Healthcare providers store a lot of data. Whether it's financial or medical data, it's extremely important that this data is private and secure and can be accessed when needed. In fact, there are many regulations regarding how long a company must retain many types of data. It's also a good idea to have the records on hand in case of any legal needs down the road. However, due to licensing contracts established between healthcare providers and healthcare software companies, the data can become expensive to retain even after the licensed party no longer actively uses the software except to store the data.

The Solution

As a database analyst intern for Harmony Healthcare IT, a company specializing in healthcare data ETL (extract, transform, load) processes, I helped by porting data from legacy healthcare systems to a database that could be accessed by our company's product, the Health Data Archiver. This consisted of three main steps: 1.) I found the required data points in the database (all of the ones I had worked on had been Microsoft SQL Server DBMSes), then 2.) I created SQL views to access those data points and transformed them to a format that could be read by our Health Data Archiver application, and finally 3.) I extracted the data by creating new tables from those views and loading it to a PostgreSQL database and formatted the Health Data Archiver to read from that new database. This allowed our customers to access the data from the Health Data Archiver, a web app, whenever they needed it, and stop paying for the expensive licenses and services associated with the previous legacy healthcare systems.

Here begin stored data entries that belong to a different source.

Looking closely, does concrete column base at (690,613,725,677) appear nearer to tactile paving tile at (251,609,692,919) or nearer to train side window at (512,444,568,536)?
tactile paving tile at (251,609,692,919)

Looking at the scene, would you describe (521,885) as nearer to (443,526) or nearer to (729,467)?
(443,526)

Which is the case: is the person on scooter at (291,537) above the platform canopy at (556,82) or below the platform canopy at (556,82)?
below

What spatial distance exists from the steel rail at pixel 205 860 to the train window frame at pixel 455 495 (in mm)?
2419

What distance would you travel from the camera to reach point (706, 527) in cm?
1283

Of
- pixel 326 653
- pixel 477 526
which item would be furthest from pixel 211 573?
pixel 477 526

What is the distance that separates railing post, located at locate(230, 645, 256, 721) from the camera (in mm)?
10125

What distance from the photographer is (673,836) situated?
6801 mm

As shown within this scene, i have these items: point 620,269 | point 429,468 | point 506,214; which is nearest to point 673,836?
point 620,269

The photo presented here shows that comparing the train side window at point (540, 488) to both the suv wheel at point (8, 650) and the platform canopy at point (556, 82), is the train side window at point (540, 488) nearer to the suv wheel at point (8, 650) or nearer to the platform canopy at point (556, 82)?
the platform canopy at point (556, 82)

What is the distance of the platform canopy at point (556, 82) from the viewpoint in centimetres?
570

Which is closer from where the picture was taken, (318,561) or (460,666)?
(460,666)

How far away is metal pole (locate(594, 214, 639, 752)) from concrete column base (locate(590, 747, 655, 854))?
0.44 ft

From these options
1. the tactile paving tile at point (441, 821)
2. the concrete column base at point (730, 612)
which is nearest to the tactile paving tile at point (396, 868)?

On top of all this, I got to experience what it's like to work with lots of regulations surrounding security and privacy (e.g. HIPAA), enterprise cloud systems and data storage, and working with a team in a professional setting.

Extract

After the systems analysts gained access to the healthcare system's database and made it possible for us to query it, they would pass it along to the database analysts, my role. From here I would look at what data was required; this was documented in a spreadsheet created by the business analysts and contained screenshots of the legacy system's GUI as well as some descriptive text. Then I would query the database to gain a sense of the structure of the relationships between tables. Often, it was very helpful to find the table containing the Patient Id numbers because all the other data was related to that.

Transform

As I would find datapoints, I would create views around the required columns. For example, if patient information was spread about on different tables, but it made more sense to archive it on one table, I would create a view for that. This was based upon what made it easiest for our application, the Health Data Archiver, to read the data. The tool used for the extract and transform processes was SQL Server Management Studio.

Load

With all of the views created, I would then use Pentaho to create a transformation pipeline that told each datapoint where to go in the new, archive database. Running this job would copy all of that data. As was usually the case, and was for each of the projects I worked on, this ported data from MS SQL Server to a PostgreSQL DBMS. I would then format the Health Data Archiver to pull from this new, archive database. In the end it would look at work very similar to the old, legacy healthcare system but in a read-only manner.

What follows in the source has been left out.